In [1]:
import numpy as np

from pathlib import Path
from datetime import datetime

from sklearn.pipeline import Pipeline
from sklearn.feature_extraction.text import CountVectorizer, TfidfVectorizer, TfidfTransformer
from sklearn.ensemble import RandomForestClassifier

from skl2onnx import convert_sklearn, to_onnx
from skl2onnx.common.data_types import StringTensorType

DATASET_SIZE = 120
DATASET_IS_BALANCED = False


MAX_FEATURES = 20000        # max_features params for CountVectorizer

training_name = 'tfidf-rf-{}_{}k_{}'.format(
    MAX_FEATURES,
    DATASET_SIZE,
    'bal' if DATASET_IS_BALANCED else 'imbal'
)

training_storing_folder = Path(f"{training_name}/").resolve()
if not training_storing_folder.exists():
    training_storing_folder.mkdir(parents=True, exist_ok=True)
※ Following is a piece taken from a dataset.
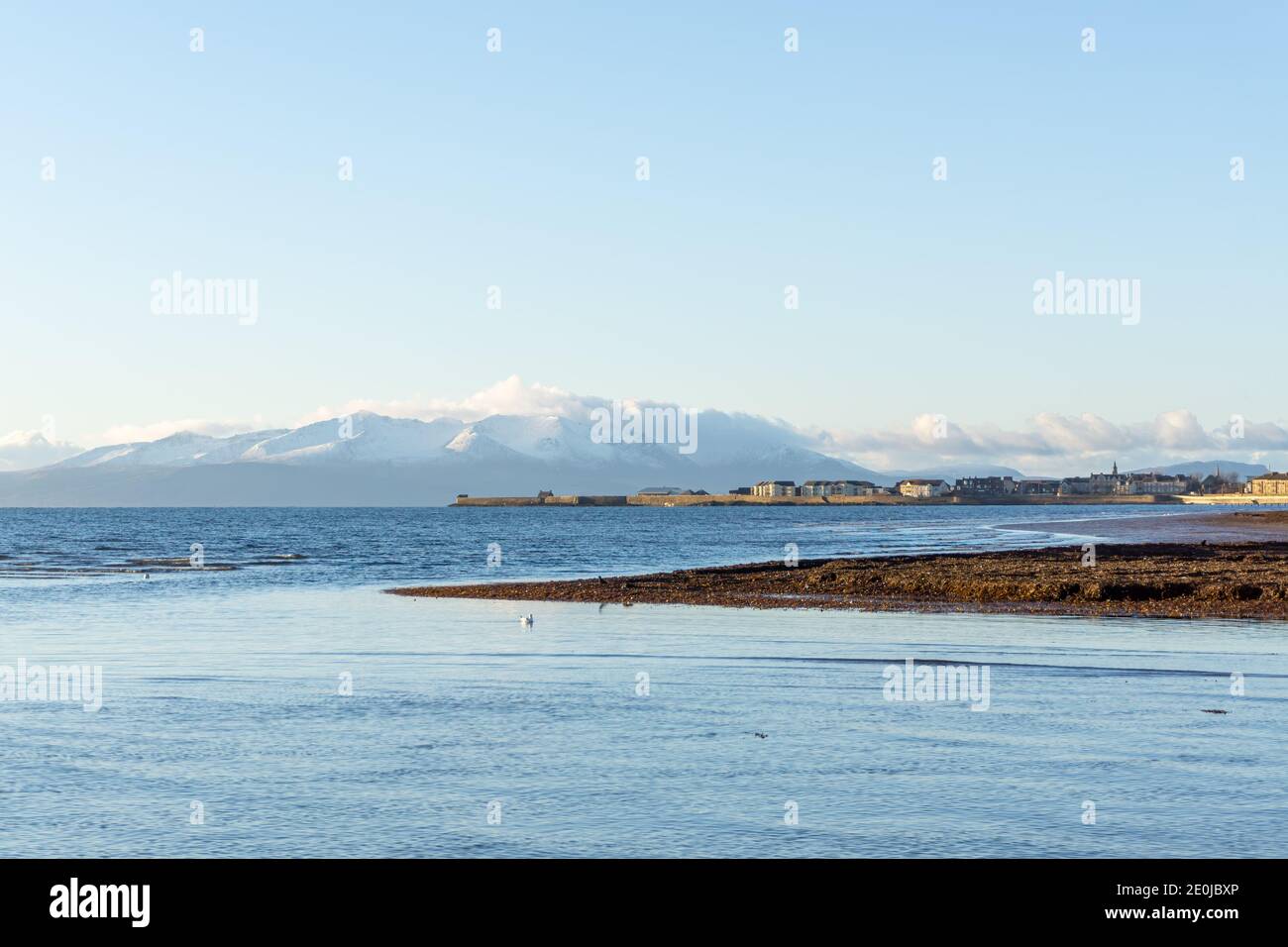 Stevenston Beach and the Isle of Arran on New Years day 2021. Saltcoats can also be seen in the far distance. Stock Photo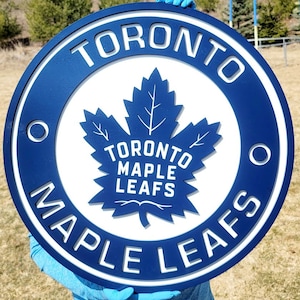 May include: A round, blue and white Toronto Maple Leafs sign. The sign features the team's logo, a stylized maple leaf, and the words "TORONTO MAPLE LEAFS" in white lettering. The sign is held up outdoors.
training_args_datetime = datetime(year=2023, month=12, day=20)

print('Training storing folder:')
print(training_storing_folder)
print('\n\n')

Training storing folder:
/Users/michaelcheng/Documents/MyDocs/HKU/COMP4801 FYP/FYP/NLP/dev-workspace/sa/tfidf-rf_2023-12-16/tfidf-rf-20000_120k_imbal





In [2]:
# load the model

import pickle

rf_model_path = Path.joinpath(training_storing_folder, "{}_{}_model.sav".format(
    training_name,
    training_args_datetime.strftime("%Y-%m-%d")
))
model = pickle.load(open(rf_model_path, 'rb'))

count_vectorizer_path = Path.joinpath(training_storing_folder, "{}_{}_count_vectorizer.pkl".format(
    training_name,
    training_args_datetime.strftime("%Y-%m-%d")
))
vectorizer = pickle.load(open(count_vectorizer_path, 'rb'))

tfidf_transformer_path = Path.joinpath(training_storing_folder, "{}_{}_tfidf.pkl".format(
    training_name,
    training_args_datetime.strftime("%Y-%m-%d")
))
tfidf = pickle.load(open(tfidf_transformer_path, 'rb'))

print('Loaded model from {}'.format(rf_model_path))
print('Loaded count vectorizer from {}'.format(count_vectorizer_path))
print('Loaded tfidf transformer from {}'.format(tfidf_transformer_path))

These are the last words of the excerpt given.